Please repeat exactly the lines from the one containing "Intrecciato BV Shoulder Bag — view 5" through the last line of the records, both included, and nothing else, leaving out any pictures.

BEGIN

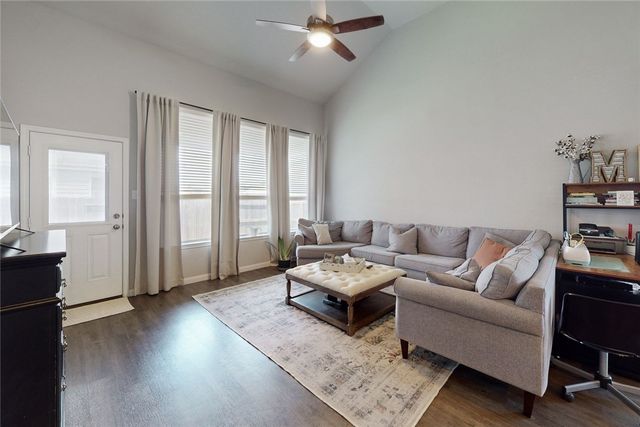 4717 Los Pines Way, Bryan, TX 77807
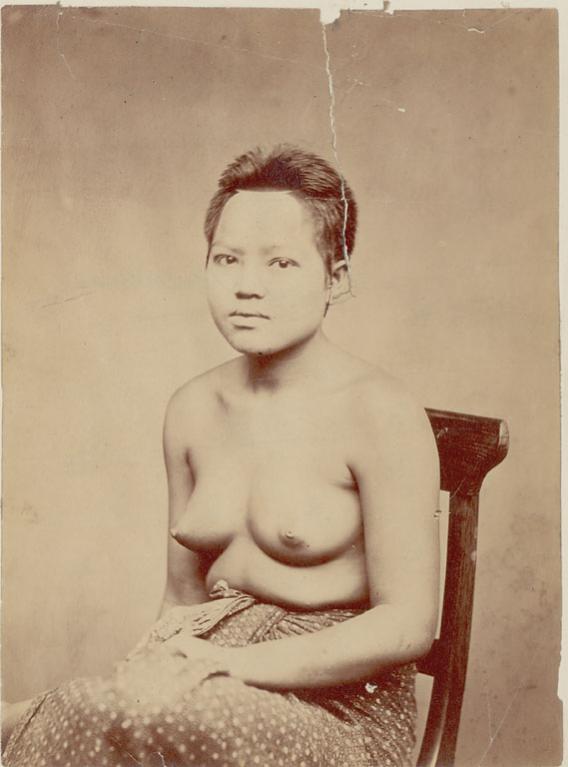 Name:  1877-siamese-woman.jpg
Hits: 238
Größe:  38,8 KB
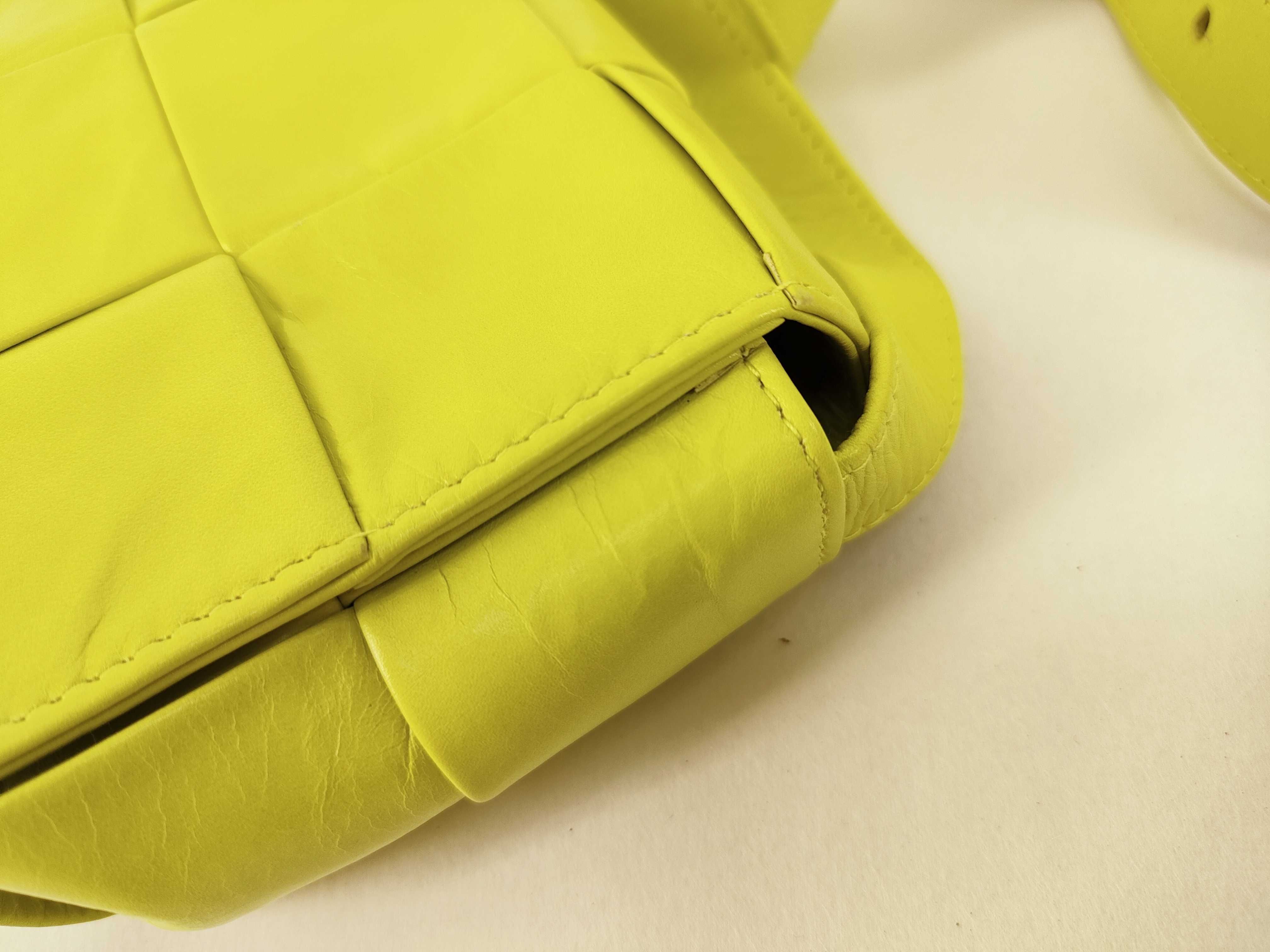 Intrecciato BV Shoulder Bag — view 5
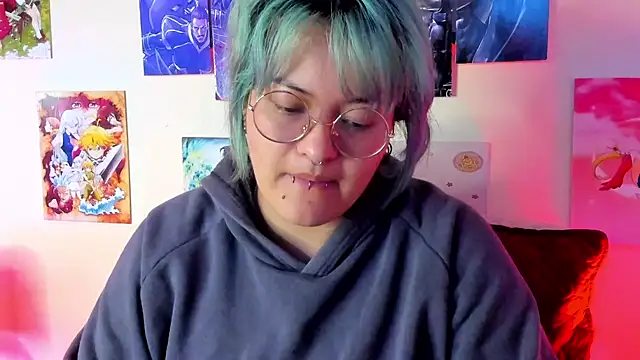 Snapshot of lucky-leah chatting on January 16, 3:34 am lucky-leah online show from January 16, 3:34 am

END

• _THE COMPLETED TASK_
 Intrecciato BV Shoulder Bag — view 5
 Snapshot of lucky-leah chatting on January 16, 3:34 am lucky-leah online show from January 16, 3:34 am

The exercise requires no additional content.